Available data Block Start

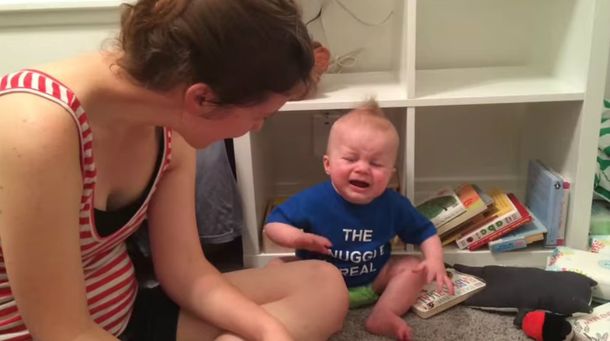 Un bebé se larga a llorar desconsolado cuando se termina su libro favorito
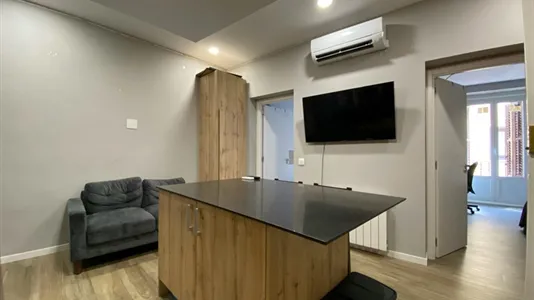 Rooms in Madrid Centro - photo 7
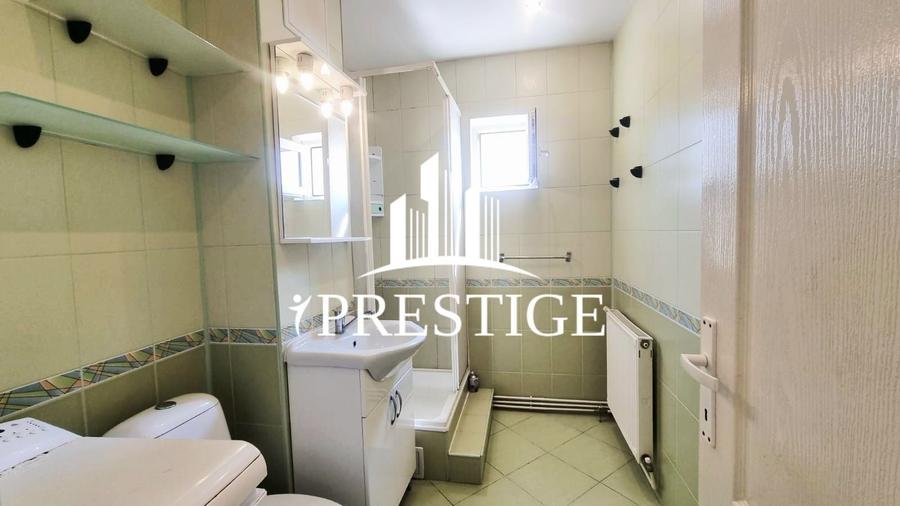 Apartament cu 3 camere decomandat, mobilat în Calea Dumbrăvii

Available data Block End

◆ **Required work**
Produce an exact copy of the lines from the line containing "Rooms in Madrid Centro - photo 7" to the end of the material, both ends included, and omit every picture.

◆ **Task result**
 Rooms in Madrid Centro - photo 7
 Apartament cu 3 camere decomandat, mobilat în Calea Dumbrăvii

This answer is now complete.